Review: Whistleblower at the Heath Ledger Theatre (Perth Festival)

Review By Tatum Stafford


The Last Great Hunt theatre company, based right here in Western Australia, are renowned for their ambitious and impressive productions. Last night’s opening of ‘Whistleblower’, a Perth Festival commission, was no different.


As we were ushered inside the theatre, there were a group of players hard at work around a group of monitors, and another group handing clipboards to different audience members gathered near the front of the stage.


Once the lights dimmed, we were introduced to the star of tonight’s performance, a woman named Rose who had been plucked from the stalls, mic’d up and ready to be transported into the ‘Whistleblower’ world. There was a quick briefing, in which we met the show’s lead character Charlie Baxter (who Role inhabited), and Charlie’s spouse Lex Harrington, who was also pulled from the audience.


What happened next was nothing short of extraordinary. Without giving too much away, the ‘Whistleblower’ set is built out of large, sound-proof, shipping container-style boxes that resembled a range of different sets that Charlie (Rose) navigated her way through. There are five chapters in the performance, and with each path forming a ‘choose-your-own-adventure’, the specific plot we saw on Sunday night will never be replicated again.


All the while, Charlie couldn’t see ‘out’, but we could see ‘in’, thanks to a series of 360-degree video cameras meticulously hidden throughout each set she stepped into. A hilarious highlight of the show involved a green screen, where audience members read off scripts to mimic a news show – that was broadcast straight onto a TV so Charlie could hear updates first-hand. It was a cheeky behind-the-scenes look into how this theatre company was pulling everything off, and it felt really gratifying and exciting to be ‘in on the joke’.

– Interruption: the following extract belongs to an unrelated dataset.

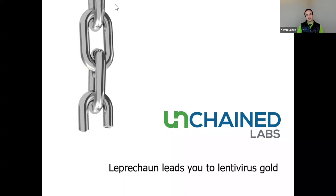Hello, everyone. My name is Kevin Lance, and I'm the Director of Viral Vector Marketing here at Unchained Labs. I'm your moderator, and thank you for joining us today.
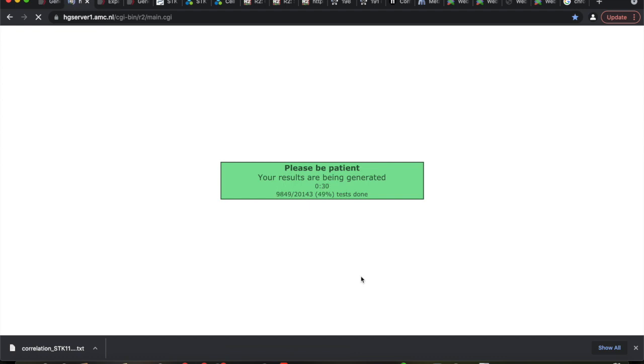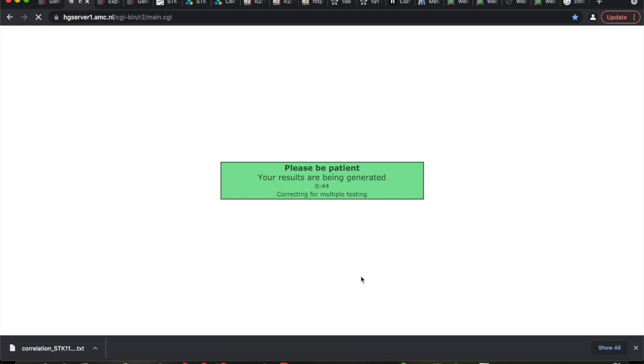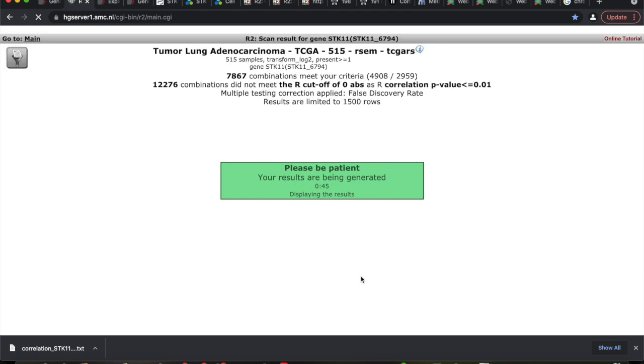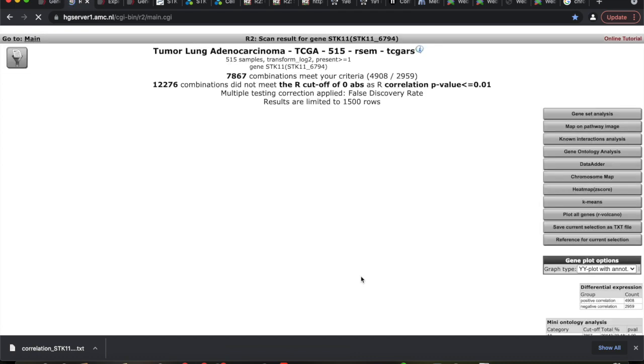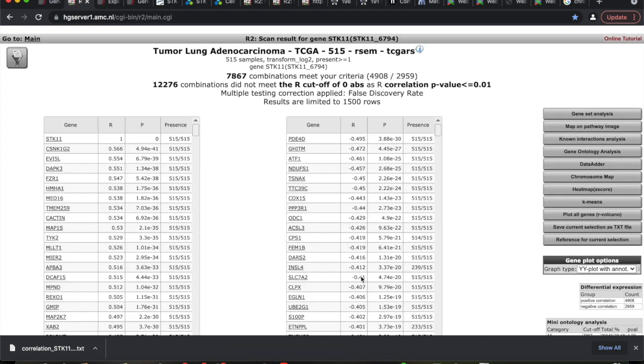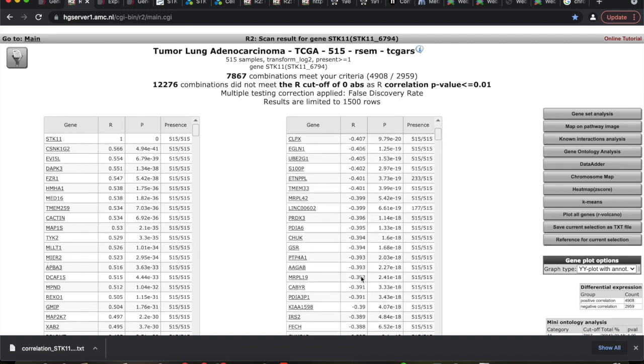You could do this several times. I could do that for STK11 in this database, and then I could go back and do the same thing in that other database. Then what I could do is actually compare the results and only take what's common. I've done that before. It's like the best gene list you've ever seen. It's so awesome. Did everybody get this? Did it come out?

The creativity behind this performance is mind-blowing. Throughout Charlie’s movements as each chapter progressed, The Last Great Hunt’s troupe of performers were on hand to improvise their way through storylines, guide Charlie via a phone that served as her only connection to anyone outside of the set, and let the audience in on the fun, frequently breaking the fourth wall to comment on clues Charlie was yet to find or making humorous remarks about Charlie’s pure reactions to the many goings-on of the show’s zany characters.

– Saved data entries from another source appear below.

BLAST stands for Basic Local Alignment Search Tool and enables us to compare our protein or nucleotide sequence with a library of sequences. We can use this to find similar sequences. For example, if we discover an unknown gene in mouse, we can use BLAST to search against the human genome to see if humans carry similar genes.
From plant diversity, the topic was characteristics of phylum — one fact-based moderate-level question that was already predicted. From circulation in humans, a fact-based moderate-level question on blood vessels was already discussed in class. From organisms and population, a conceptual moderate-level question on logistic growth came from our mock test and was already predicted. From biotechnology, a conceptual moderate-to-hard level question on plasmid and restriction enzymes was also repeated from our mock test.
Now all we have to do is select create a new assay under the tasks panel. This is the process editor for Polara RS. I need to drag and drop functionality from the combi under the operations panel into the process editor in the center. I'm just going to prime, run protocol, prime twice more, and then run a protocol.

As a frequent theatregoer here in Perth, I’m so grateful that the Perth Festival Artistic Director Iain Grandage commissioned such a progressive and captivating piece of theatre. ‘Whistleblower’ is a clear highlight of this year’s festival program, and I urge you to buy a ticket for an upcoming performance this week. Who knows, you may even get to tick ‘perform a lead role in a play’ off your bucket list!